Tal vez se han equivocado de dirección. Tal vez buscan a alguien que ha olvidado cómo se llama. Alguien que escribió su nombre tantas veces que ahora ni siquiera recuerda cómo se llama. Yo no soy esa persona. Puedo decirles exactamente cuál es mi nombre. Tal vez buscan a alguien que no puede encontrar su imagen en el espejo. Esa persona despertó esta mañana y descubrió que le han recortado su imagen de todas las fotos disponibles, con una tijera le han recortado la cara de cada foto, Desde bebé le habían dicho que él era ese que estaba allá, ese de la foto, tan precioso. Se creyó encuento. Ahora no puede rememorar su cara. Pero ése no soy yo. A mí lo único que me hace falta es una sonrisa, una cualquiera; eso es lo único.

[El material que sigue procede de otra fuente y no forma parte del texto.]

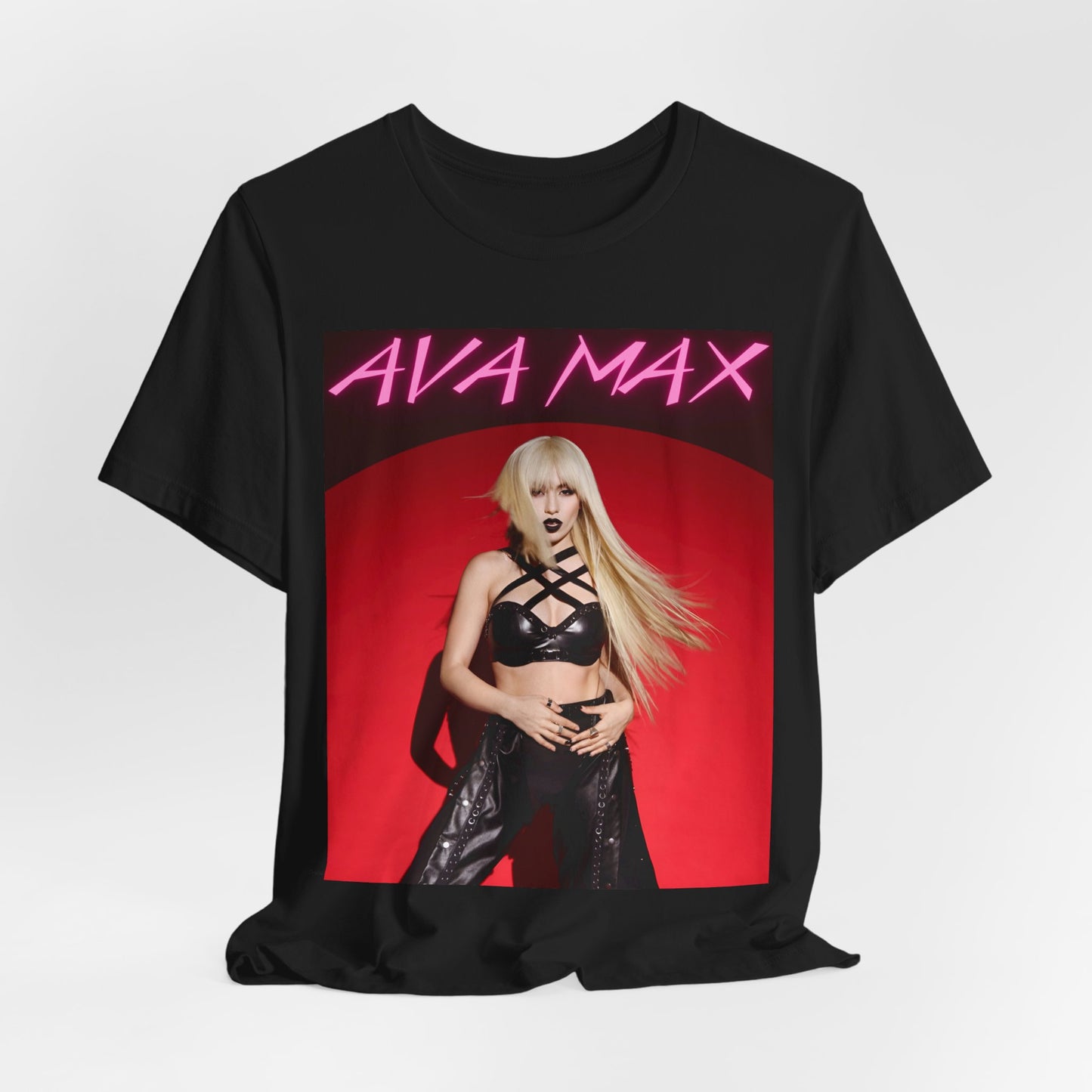 A black graphic t-shirt featuring a stylized graphic of Ava Max, emphasizing her status as a pop icon.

Veo que mi mano izquierda está marcando el número del vendedor. Le pediré una sonrisa, la que sea. Le diré que hay dos hombres frente a mi puerta. Con tal de que me mande una sonrisa, no me importa lo que tenga que confesarle. Sí, lo admito, he abusado de mi sonrisa favorita, la penúltima de todas. ¿Por eso se fue? ¿Porque la utilicé demasiado? Constantemente. Sí. Todo el día, sin parar, de la noche a la mañana, y hasta en mis sueños. Esa sonrisa se me ha congelado en la cara, era más mía que mi cabellera. Lo admito, lo admito. ¿Qué quería que hiciera? Era la sonrisa que establecía mi inocencia aun antes de que me acusaran de algo, que alejaba la oscuridad. ¿Y si me pide que pague la deuda? ¿Y si me dice que él se ha llevado mis sonrisas en cadena hasta que cumpla los contratos que firmé? ¿Y si me dice que esos hombres han venido a cobrar?

A TIENTAS

Antes de escuchar su voz, cuelgo.

Bajo la escalera a tientas, como un ciego en casa ajena. Llego hasta la puerta y la abro.

El viento entra con tanta furia que me cuesta no cerrar los ejos. Alcanzo a ver al hombre más pequeño sofocando la llama del encendedor como si la hubiera tragado.

- ¿Pero qué cara es ésta? -pregunta el más grande.

-Sí -dice el otro-. ¡Qué modo de recibirnos!

Yo no respondo. ¿Qué les podré decir? ¿Que no me queda ni una sonrisa que ofrecerles? ¿Que los odio?

Es como si pudieran leerme los pensamientos.

-Alguna le debe quedar -dice el más grande-. Alguna que le viene de antes.

-Su primera sonrisa -dice el otro.

Siento a los dos que pasan a mi lado como si yo fuera una pradera sin pasto. No me tocan. Tampoco yo me doy vuelta. Allá, adentro, detrás, puedo escuchar sus pasos, puedo escuchar cómo encienden fósforos arrastrados y fatigosamente empiezan su búsqueda.

Sólo tengo siete años de edad y dentro de poco no me va a que dar ni una última sonrisa que pueda llamar mía en el mundo.